Sözlükte “huy, tabiat, seciye, ahlak” gibi manalara gelen şemail kelimesi Resul-i Ekrem’in (s.a.v.) dış görünüşünü, özel hayatını ve ahlakını ifade eden bir terim olarak kullanılmıştır. Şemail-i şerif, Hz. Peygamber’in (s.a.v.) risaleti ve mucizleri dışındaki özelliklerini ele alır. Hz. Peygamberin dış görünüşü, kıyafeti, yeme içmesi, konuşma şekli, ibadeti, ahlakı, geçim tarzı ve ölümü gibi konular şemaillerin ana konularını oluşturur. Şemail-i şerifle ilgili çalışmalar hilye denilen bir sanat dalını doğurmuştur. Hilye ve şemail türlerinin konuları ortaktır fakat şemail daha kapsamlı bir anlatıma sahiptir. Hilyeler Hz. Peygamber’in (s.a.v.) fiziki ve ruhi portresini ortaya koymayı amaçlarken şemailler onun yaşayış biçimini her yönüyle açıklar.

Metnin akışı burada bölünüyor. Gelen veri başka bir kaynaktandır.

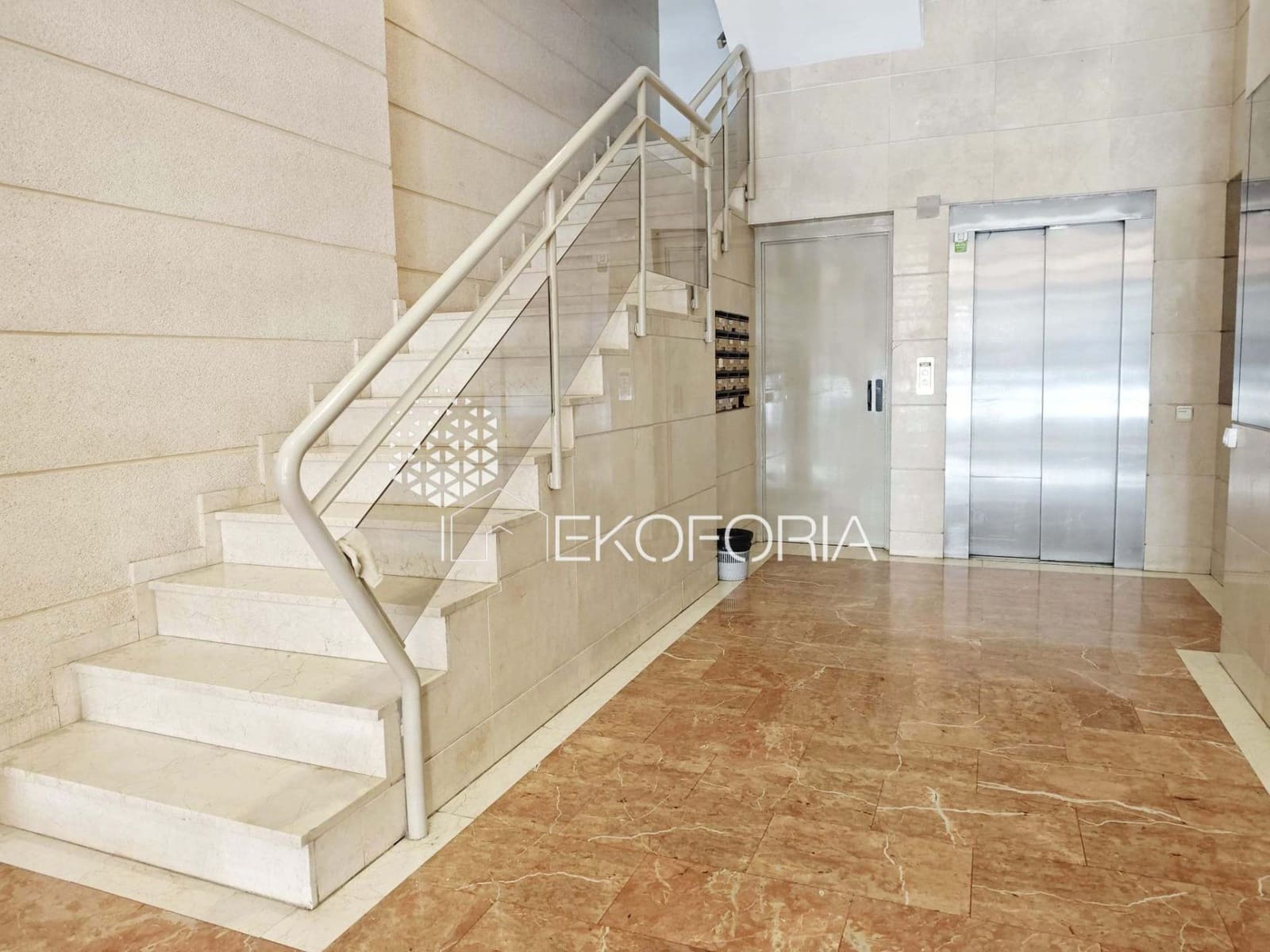 4 slaapkamer Flat te koop in Valencia stad met garage - € 299.000 (Ref: 10015053)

Allahu Teala, iman ve ibadet hususunda Peygamber Efendimizi (s.a.v.) övmüş ve tüm insanlara örnek olarak göstermiştir. Bu sebeple Hz. Peygamber’e (s.a.v.) olan ilgi artmış, Peygamberimizin (s.a.v.) yaşam tarzı, fiziki ve ruhi özellikleri en ince ayrıntısına kadar kaydedilmiştir. Bu da şemail türünün ortaya çıkmasına yol açmıştır.
Sahabilerin Anlatımları Işığında Şemail-i Şerif
Allahu Teala’nın Peygamber’ini (s.a.v.) üstün niteliklerle anması ve onu örnek almayı tavsiye etmesi Resûlullah’ın (s.a.v.) vefatından sonra şemailine duyulan ilgiyi artırmış, birçok sahabi onu tasvir etmeye çalışmıştır. Bu tasvirlerden bazıları aşağıda verilmiştir.
Yüzü ayın on dördü gibi parlardı. Büyükçe başlı, saçları hafif dalgalıydı. Saçı bazen kulak memesini geçerdi. Ten rengi nurani beyaz, alnı açık, kaşları hilal gibi ince ve gürdü. Sakalı sık ve gür, yanakları düzdü. Ağzı geniş, ön dişlerinin arası seyrek ve pek hoştu. Boynu gümüş gibi berraktı. Bütün organları birbiriyle uyumlu idi. Hz. Peygamber irice yapılı ve heybetliydi. Uzuna yakın orta boyluydu. Göğsü ile karnı bir hizada olup ne zayıf ne de şişmandı. Bedeni nur gibiydi. (İbn-i Sa’d, et-Tabakât, C 1, s. 422-425; Taberânî, Mu’cemü’l-Kebîr, C 22, s. 155-159.)